Uploading files

There are two ways to keep files in a JSON data:

  1. Base64 string - the file will be encoded as Base64 string and all the data will be kept within the JSON object.

  2. File url - the file will be uploaded on the server and only the URL of the file will be kept in the JSON object.

Base64 string

This option is ideal for keeping small file data within a JSON object.

However, there are two drawbacks: Base64 encoded data will be 33% larger than the original file. Second, Base64 images and files won’t be cached by the browsers unlike other images accessed via urls.

The type should be string and format should be 'data-url':

# Schema
{
    'type': 'object',
    'keys': {
        'logo': {
            'type': 'string',
            'format': 'data-url'
        }
    }
}


# Output data
{
    'logo': 'data:image/png;base64,<long-base64-encoded-data>'
}

File url

This option is ideal for keeping large files.

However, it requires a little more work to set up.

Since the files will be sent to the server, you will have to create an upload handler function which will be responsible for saving the files and returning the file’s url.

A handler function is similar to a view: it receives a request object as a parameter.
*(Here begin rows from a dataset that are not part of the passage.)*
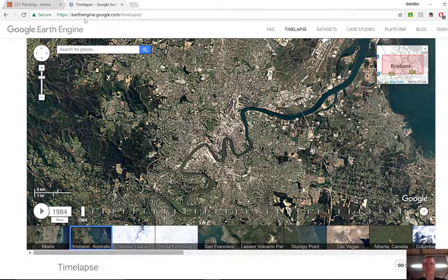What this is, is a collection of satellite images over the last 30 years, since 1984, that for particular areas will show you a timelapse of how that area has changed. This could be really useful for geography, for history, looking at built environment, looking at things like erosion, and how the environment has changed over time.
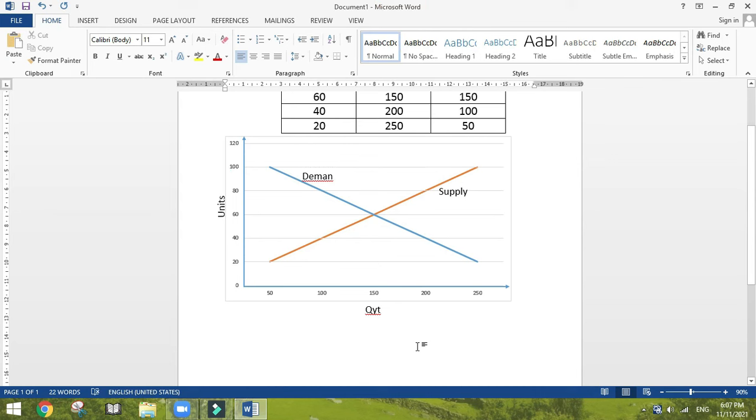Now this is the easiest way to draw demand and supply curves in Word. Thank you very much for watching.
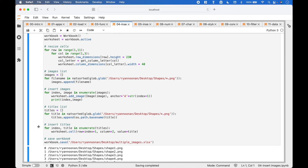To insert the titles, we utilize a for loop with enumerate using worksheet.cell to assign the titles to the appropriate rows and column. For the row we assign the index from the for loop plus 1, so it starts at row 1 since the index starts at 0. For the column we assign 2 for column B, and the value will be the title. To save the workbook, we use workbook.save with the path and the .xlsx extension.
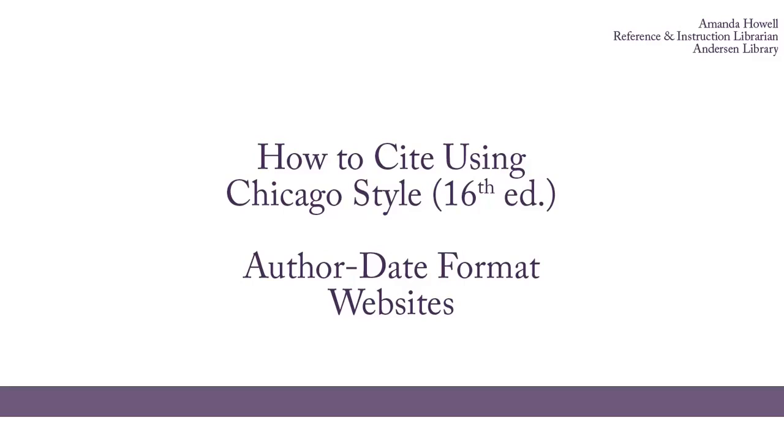In this video, we'll focus on how to cite websites. There will be other videos for citing books and articles, as well as for creating a reference list. There are other sources you may need to cite, in which case you should consult the Chicago Manual of Style, available in Anderson Library at the Reference Desk.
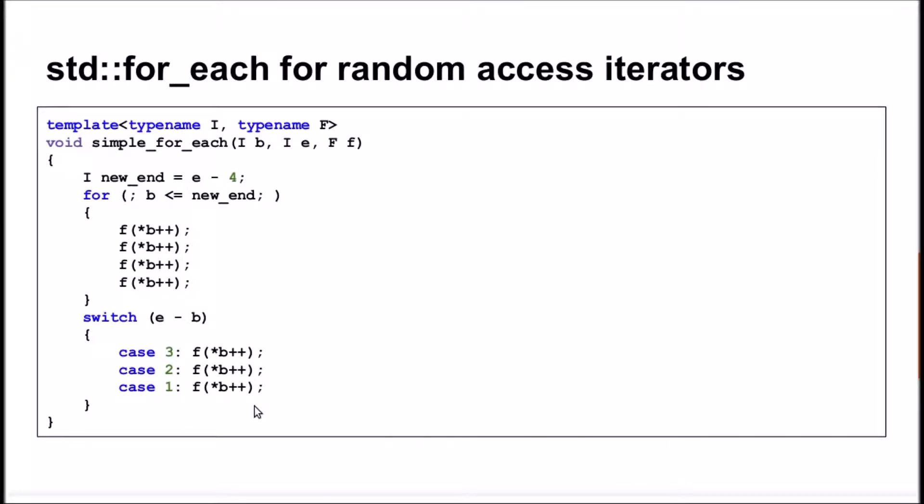The function for each utilizes this property to optimize the performance. This simplified implementation of the for each function for random access iterators shows how it works.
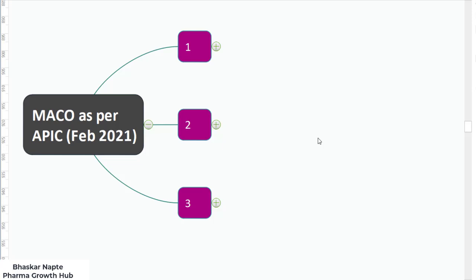This is Bhaskar Naptev from Pharma Growth Hub. In today's video we are going to understand how one can establish the MACO as per the recently published guideline by APIC. MACO stands for maximum allowable carryover and it has to be established as a part of cleaning validation. To understand your swab limit, you must have the MACO value in hand. Once you have the maximum allowable carryover, based on the surface area of the entire manufacturing train, you will be able to identify the swab limit or the rinse limit.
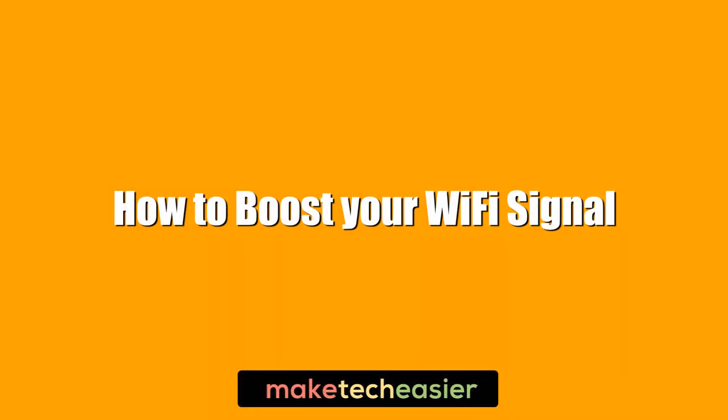Wi-Fi is one of the best things to have happened to computing, but after all these years it can still use a boost sometimes. Here we're going to show you how to boost your Wi-Fi signal and range to get the best speeds possible. Hi, this is Phil from Make Tech Easier, and this is how to boost your Wi-Fi signal.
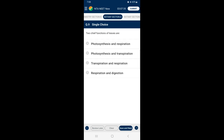Question 9: Two chief functions of leaves are — leaves generally carry out photosynthesis and transpiration. Photosynthesis helps to maintain the equilibrium of oxygen and carbon dioxide in the atmosphere, and transpiration maintains the atmospheric temperature. So the answer is option B — photosynthesis and transpiration.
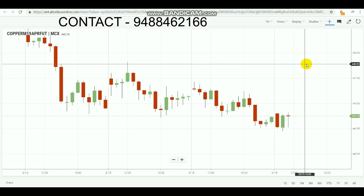Hi, in this video we are going to see a strategy of how to do the trade in copper during intraday and book the profit.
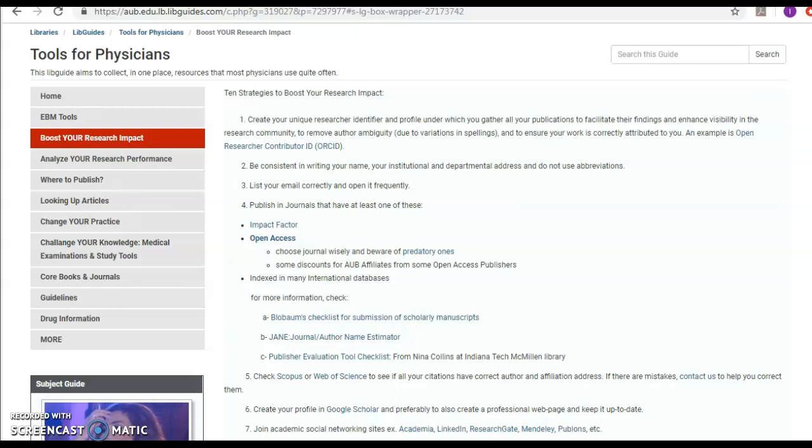You can also check the rubrics of the website to see if your work is indexed in many international databases. You can know that by checking JANE, for example, PubMed. We have to check Scopus and Web of Science to see if all your citations have the correct author and affiliation address. And if there are any mistakes just inform us to help you correct them.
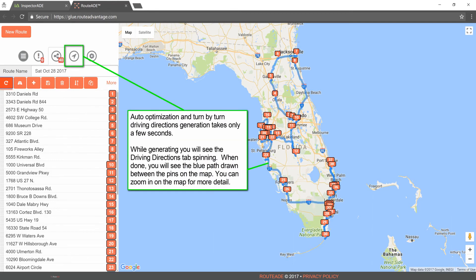Auto-optimization and turn-by-turn driving directions generation takes only a few seconds. While generating, you will see the driving directions tab spinning. When done, you will see the blue path drawn between the pins on the map. You can zoom in on the map for more detail.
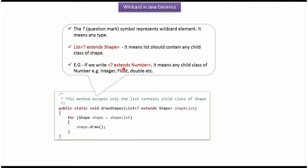Question mark extends number means any child class of number. It can be integer, float or double.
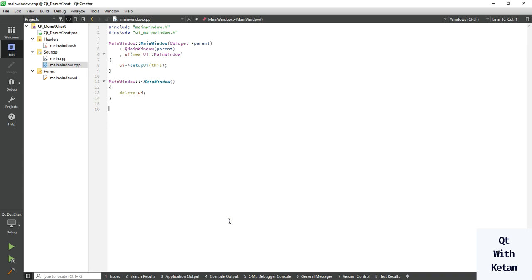Hello friends, welcome to my YouTube channel. In the previous video I showed you how to represent data in a pie chart manner. Today in this video I will show you how to represent data in a donut chart. There is no such difference between a Qt donut chart and a Qt pie chart, but there is a visual effect to represent the data.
But instead of returning an HTTP response, it returns the name of the newly created file.

A sample handler function:

# views.py

def upload_handler(request):
    file = request.FILES[0]

    # you can save the file however you want:
    # (i) write it directly to the filesystem,
    # (ii) or keep it in a separate model.
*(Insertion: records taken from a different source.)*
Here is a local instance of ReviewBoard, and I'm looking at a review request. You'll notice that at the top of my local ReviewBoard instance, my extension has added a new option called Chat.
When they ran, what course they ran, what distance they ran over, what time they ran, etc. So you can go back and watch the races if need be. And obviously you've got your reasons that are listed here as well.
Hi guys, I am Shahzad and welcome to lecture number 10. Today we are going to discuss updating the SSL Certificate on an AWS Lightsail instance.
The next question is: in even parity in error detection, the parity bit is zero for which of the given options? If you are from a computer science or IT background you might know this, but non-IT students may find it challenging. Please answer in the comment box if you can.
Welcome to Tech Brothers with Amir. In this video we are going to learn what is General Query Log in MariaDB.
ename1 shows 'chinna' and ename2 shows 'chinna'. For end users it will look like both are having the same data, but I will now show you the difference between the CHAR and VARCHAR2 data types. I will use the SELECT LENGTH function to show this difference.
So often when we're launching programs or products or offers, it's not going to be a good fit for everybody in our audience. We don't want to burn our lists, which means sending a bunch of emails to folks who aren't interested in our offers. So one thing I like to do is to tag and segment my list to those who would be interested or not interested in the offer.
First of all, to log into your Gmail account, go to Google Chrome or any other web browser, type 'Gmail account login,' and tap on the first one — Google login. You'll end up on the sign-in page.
    # In this example, we'll save it in a
    # dedicated model for storing files

    obj = MediaModel(file=file)
    obj.save()

    # return the path of the file
    # this value will be kept in the JSON data
    return obj.file.name

Attention

It is recommended your upload handler function should return the path of the uploaded file without the media url prefix.
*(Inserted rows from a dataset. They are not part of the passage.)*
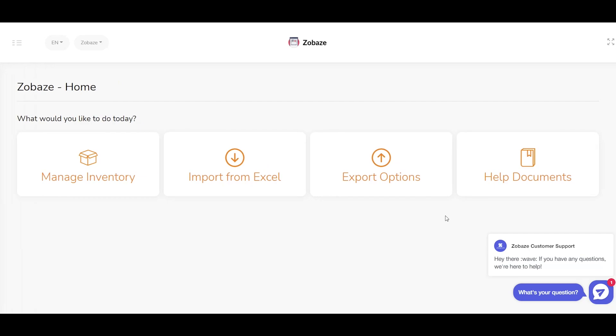You can log into the web back office using any one of the ways. Thank you so much for watching this video and I hope to see you soon. Bye bye!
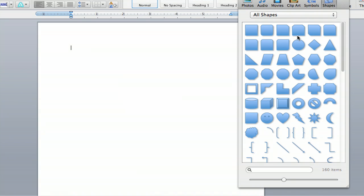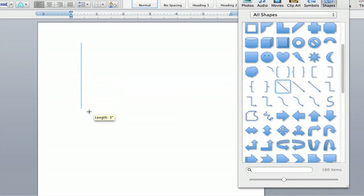Hey everybody, I'm Jeff, and today I'm going to show you how to make vertical lines in Microsoft Word.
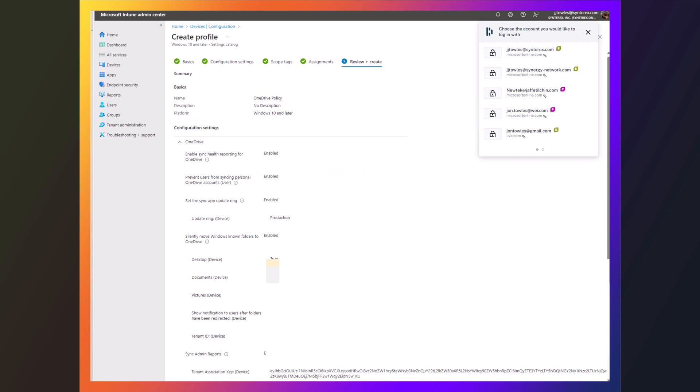And we're going to start seeing OneDrive getting healthier and all those files being protected and secured.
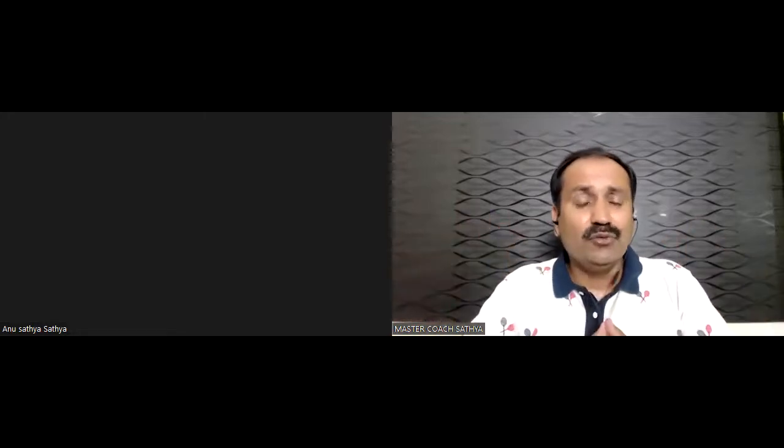Hello and welcome to MasterCode Sathya's YouTube channel. If you have a meeting on Zoom every day, you will be able to attend.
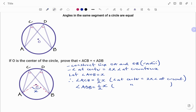Using the same reason, angle ACB equals half x, and likewise angle ADB equals half of angle AOB, which is also half x — the same value. Thus angle ACB is equal to angle ADB.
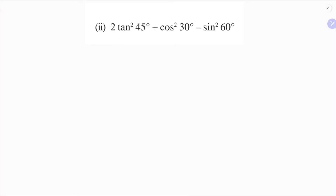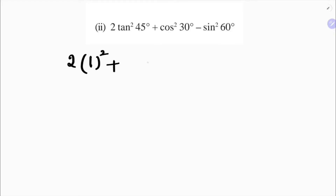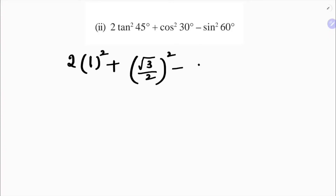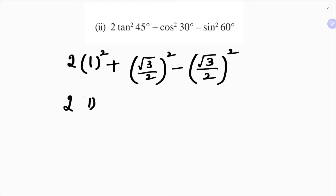2 tan square 45 plus cos square 30 minus sin square 60. So 2 tan 45 value is 1, squared is 1. Cos 30 value is root 3 by 2, whole square. Minus sin 60 is root 3 by 2, whole square. So 2 times 1 square is 1, plus — now see, root 3 by 2 whole square and root 3 by 2 whole square — they are the same, so they will get cancelled.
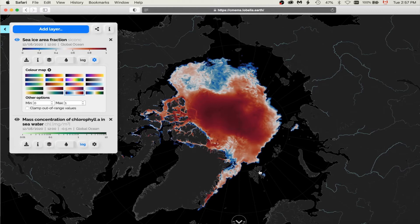Indeed, even though the jet color map has been very popular for decades in the oceanography community, it is known to visually distort information, since it emphasizes arbitrary locations along the color scale, thus reducing contrast in others and sometimes introducing false gradients.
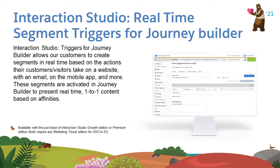These segments are activated in Journey Builder and present real-time, one-to-one content.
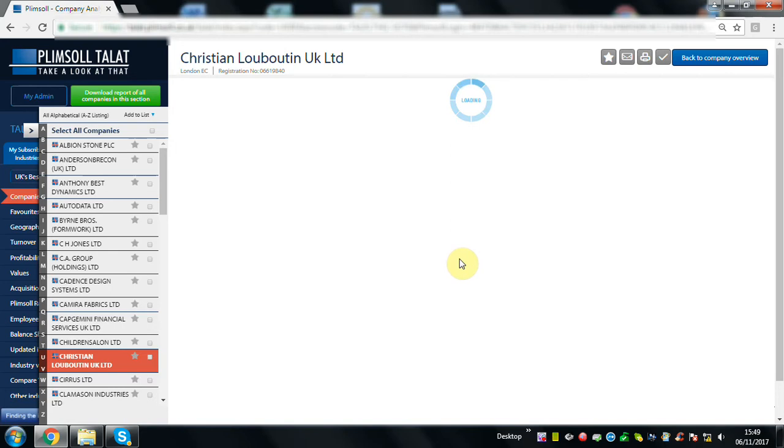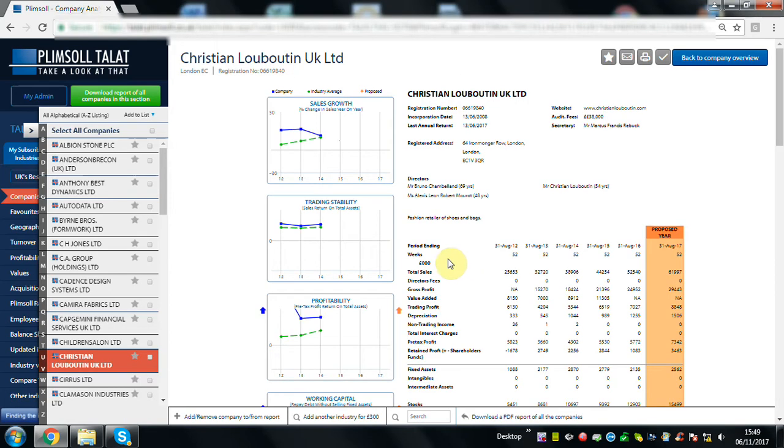A quick click on the more info and we can see their areas of strength and weakness. Look at their profitability. Even by investing more, they've been able to improve their returns. So they're not just getting bigger, they're getting better.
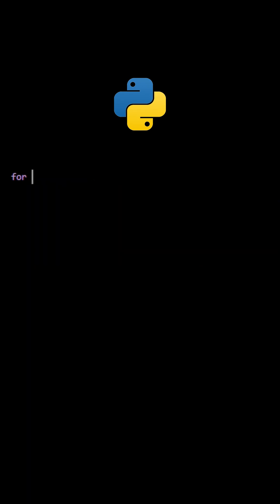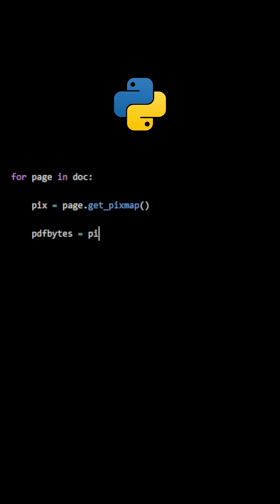This is the process that will be repeated with every page. A PixMap object is created using the method get_pixmap. The OCR is then performed using the method pdfocr_tobytes.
The rationale behind it is that file’s url may change but file’s name and path doesn’t.

If you’re keeping the files in the media directory, the url of that file will look like: /media/path/to/image.png.

But if later you wish to migrate your files to a third party service such as AWS S3 bucket. Then the file’s url will be completely different: https://s3-bucketname.amazonaws.com/path/to/image.png.

If you save the full url in the JSON data, then that value won’t be updated and still have the old url.

A better way is to just keep the path of the file and use Django’s {% get_media_prefix %} tag in the templates to create the full url.

See Accessing files in templates section below for more.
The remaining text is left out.